For more control, instantiate your own `FlowWatchApp`:

```python
from pathlib import Path
from watchfiles import Change

from flowwatch import FileEvent, FlowWatchApp

app = FlowWatchApp(
    name="my-custom-app",
    debounce=0.7,
    max_workers=8,
    json_logs=True,  # Enable structured JSON logging
)


def handle_any(event: FileEvent) -> None:
    print(event.change, event.path)


app.add_handler(
    handle_any,
    root=Path("data"),
    events=[Change.added, Change.modified, Change.deleted],
    pattern="*.*",
    process_existing=True,
)

app.run()
```

---

## Docker Integration

A common pattern is to run FlowWatch as its own **worker container**:

```yaml
# docker-compose.yml
services:
  backend:
    build: ./backend
    volumes:
      - media:/media

  flowwatch:
    build: ./backend
    command: flowwatch run myproject.watchers --json-logs
    depends_on:
      - backend
    volumes:
      - media:/media
    restart: unless-stopped
    healthcheck:
      test: ["CMD", "curl", "-f", "http://localhost:8765/health"]
      interval: 30s
      timeout: 10s
      retries: 3

volumes:
  media:
```

---

## API Reference

### Decorators

| Decorator      | Description                     |
| -------------- | ------------------------------- |
| `@on_created`  | Triggers on new files           |
| `@on_modified` | Triggers when files are changed |
| `@on_deleted`  | Triggers when files are removed |
| `@on_any`      | Triggers on any file event      |

All decorators accept:

- `root`: Directory to watch (string or Path)
- `pattern`: Glob pattern (e.g., `"*.txt"`, `"**/*.json"`)
- `process_existing`: Process existing files on startup (default: `False`)
- `priority`: Handler priority, higher runs first (default: `0`)

### Functions

| Function               | Description                          |
| ---------------------- | ------------------------------------ |
| `run()`                | Start the default FlowWatchApp       |
| `run_with_dashboard()` | Start with web dashboard             |
| `stop_dashboard()`     | Gracefully stop the dashboard server |

### Classes

| Class           | Description                                  |
| --------------- | -------------------------------------------- |
| `FlowWatchApp`  | Main application for custom configurations   |
| `FileEvent`     | Event object passed to handlers              |
| `JsonFormatter` | Logging formatter for structured JSON output |

---

## When to Use FlowWatch

FlowWatch is a good fit when you want:

- **Simple file pipelines** like:
  - "When a new MXF appears here, run this ingester."
  - "When a JSON config changes, reload some state."
  - "When a sidecar file is deleted, clean up something else."
- **Readable, declarative code** where intent is obvious from decorators
- **Pretty terminal UX** when running workers in Docker or bare metal
- **Real-time monitoring** via the web dashboard

It is **not** trying to be a full-blown workflow engine.
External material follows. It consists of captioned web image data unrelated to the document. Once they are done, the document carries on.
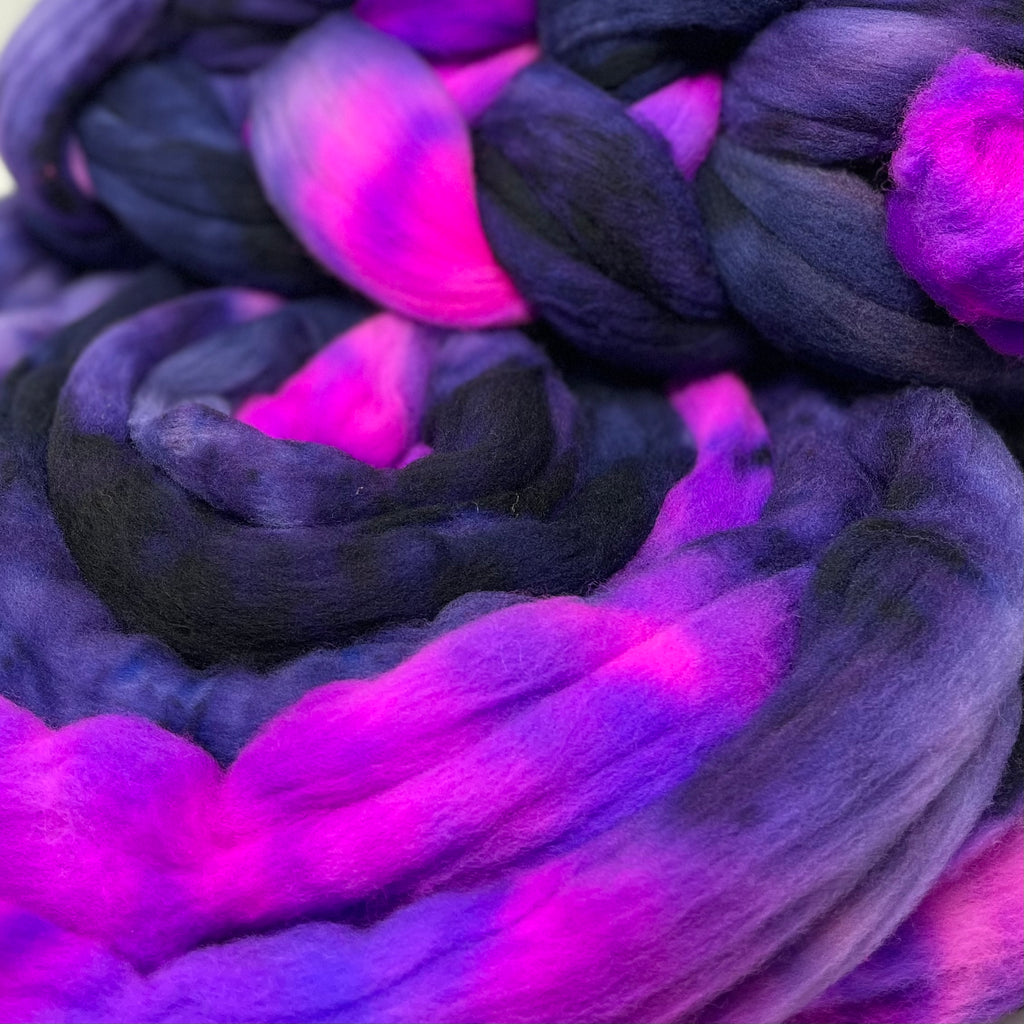 American Targhee wool spinning fiber Twilight Time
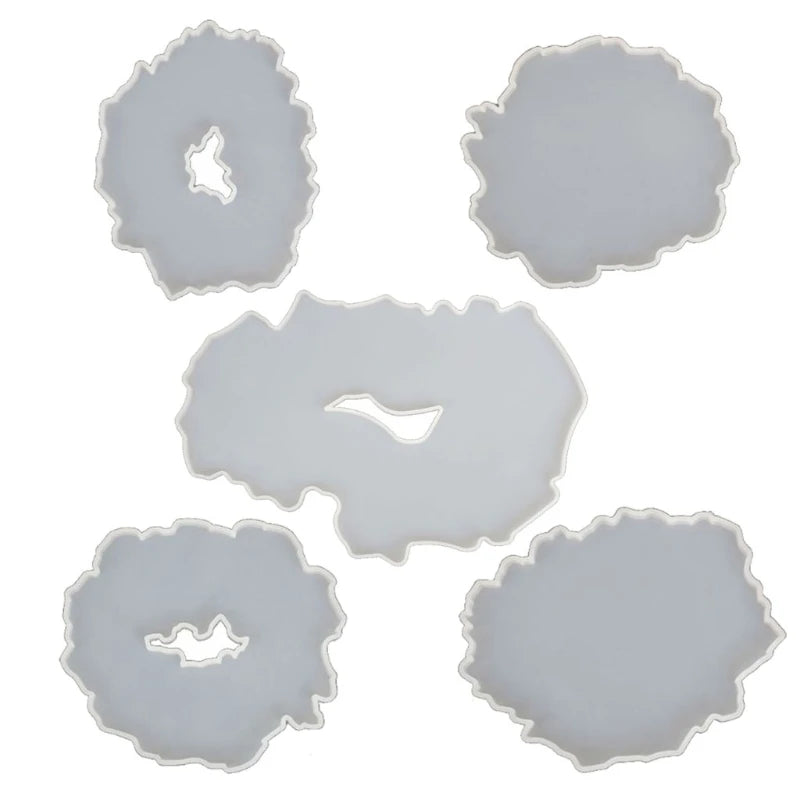 Large Resin Coaster Molds DIY Silicone Tray Epoxy Resin Kit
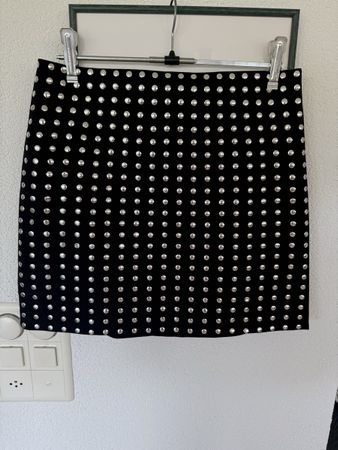 Sexy Jupe mit Applikationen 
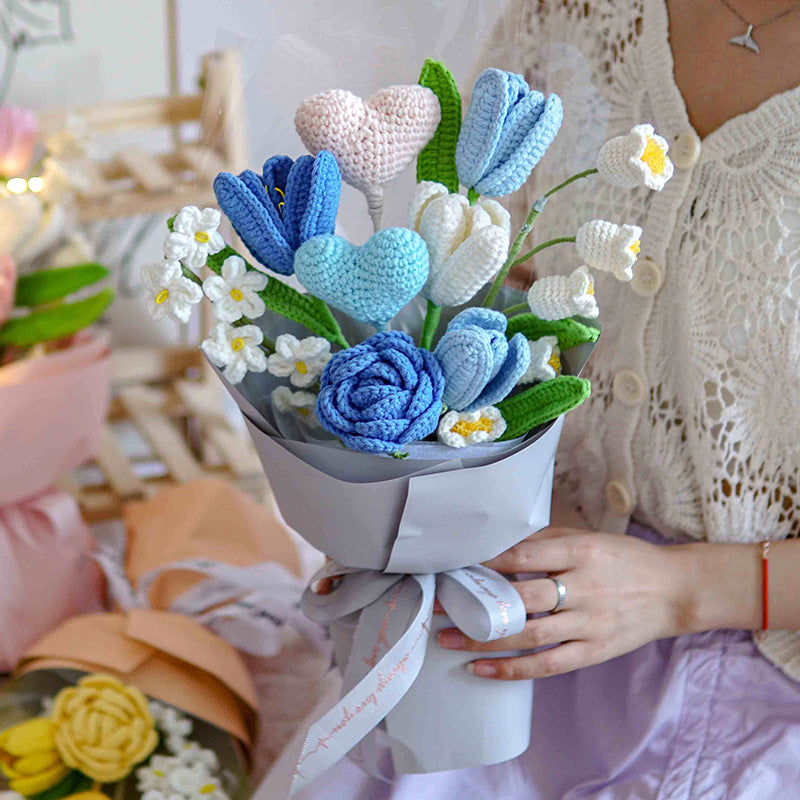 DIY Heart Bouquet Kit — Hand-Woven Gift for Her
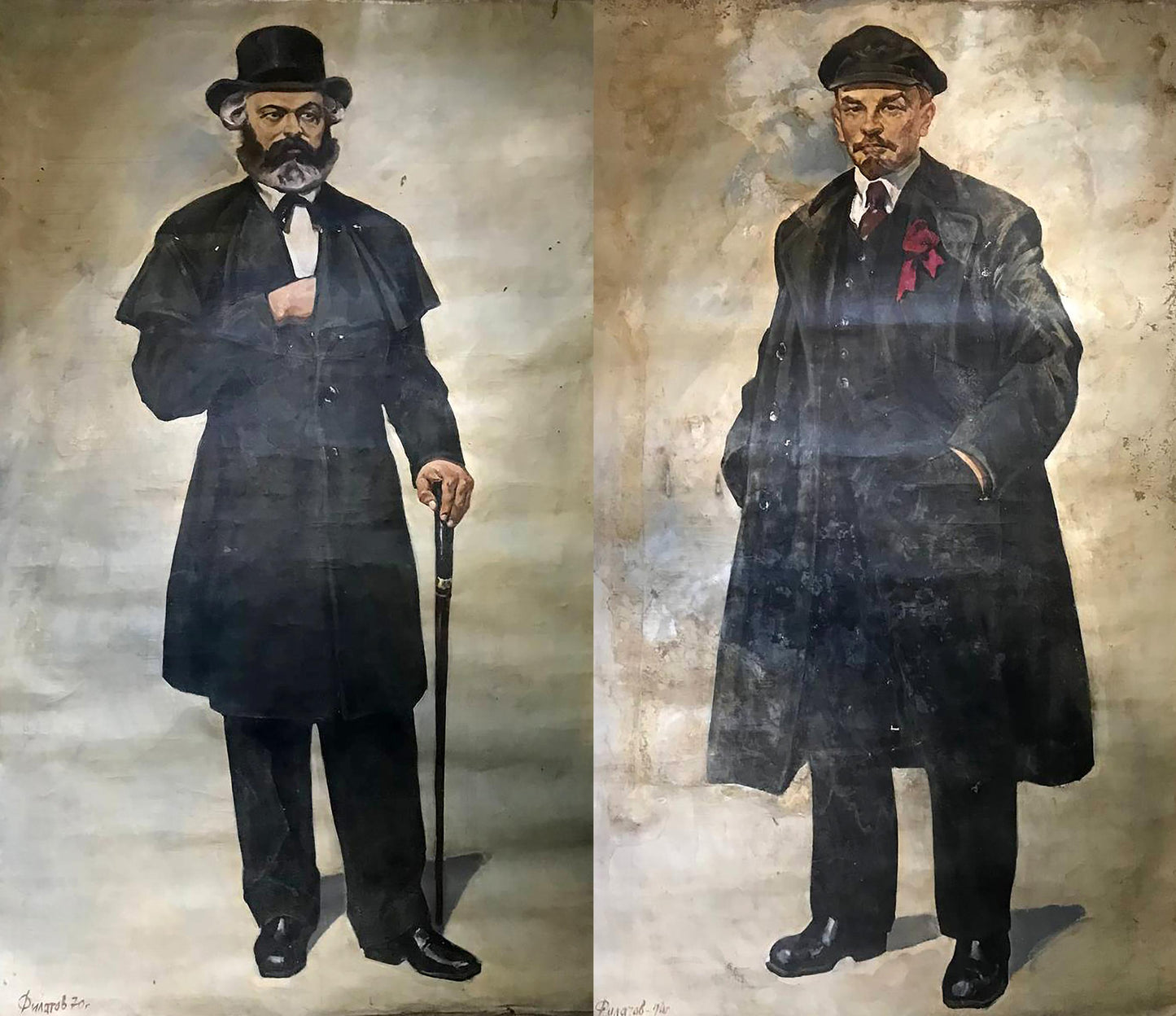 Oil painting of Karl Marx by Filatov Konstantin Vladimirovich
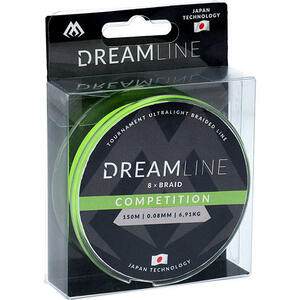 Плетеный шнур Mikado DREAMLINE Competition 0.16 fluo green (150 м) 15,54 кг.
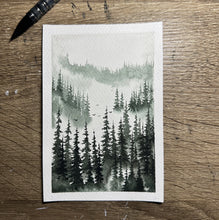 Load image into Gallery viewer, ‘Rising Through the Canopy’ Original Watercolour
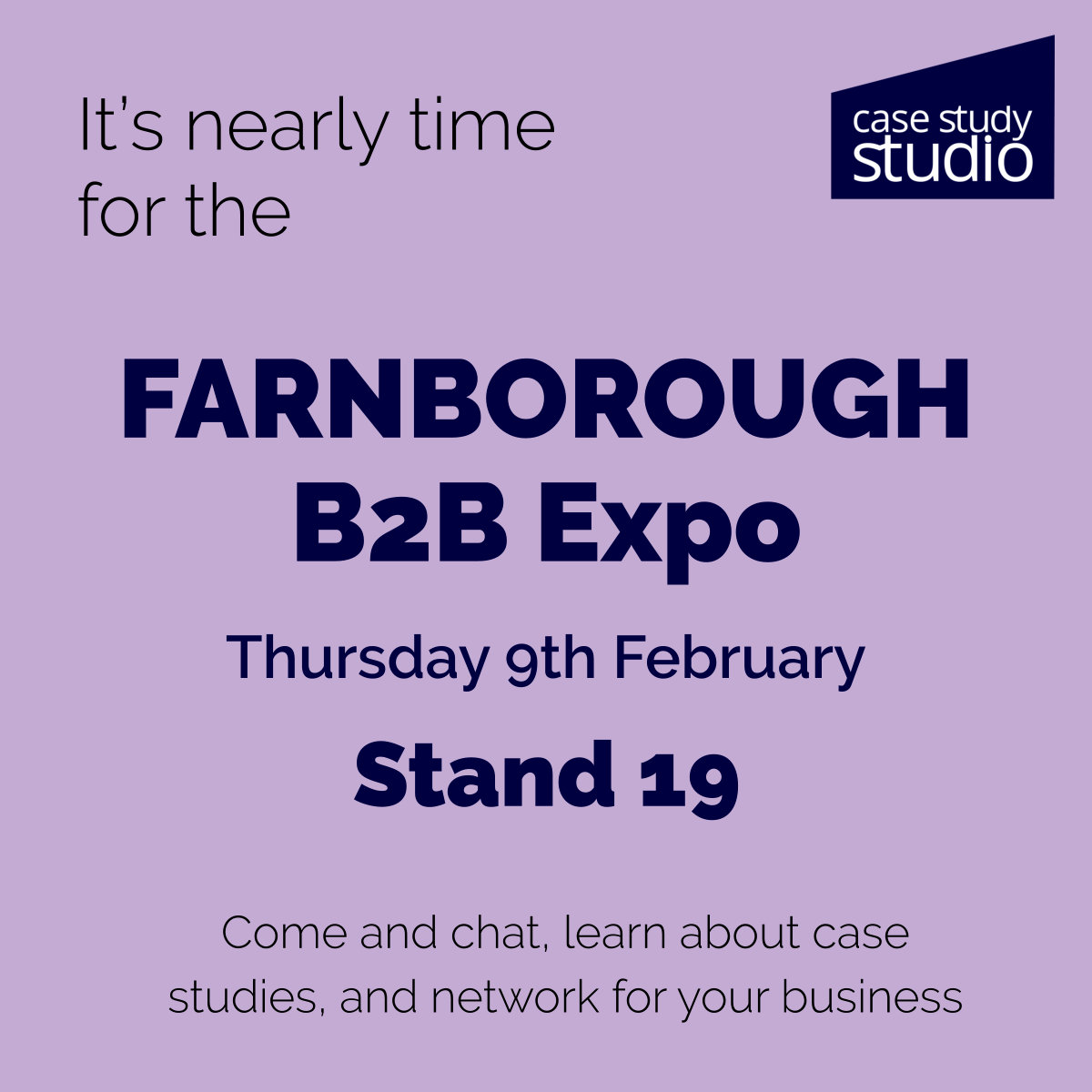 SueRizzello's tweet photo. Nearly time! Are you near Farnborough and interested in what #casestudies could do for your business?  Visit Stand 19 at the free Farnborough Business Expo this Thursday (10-2)  https://t.co/splvi2lstK #FarnboroughExpo #FarnboroughBusiness #Farnborough https://t.co/rUVHjDKnqc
Think of it as a thin,
Pythonic glue layer over `watchfiles`.

---

## Development

```bash
# Clone and install dev dependencies
git clone https://github.com/MichielMe/flowwatch.git
cd flowwatch
uv sync --all-extras

# Run tests
uv run pytest

# Run with coverage
uv run pytest --cov=flowwatch --cov-report=term-missing

# Lint and type check
uv run ruff check src/
uv run mypy src/
```

See [CONTRIBUTING.md](CONTRIBUTING.md) for detailed development guidelines, code style, and pull request process.

---

## License

MIT License - see [LICENSE](LICENSE) for details.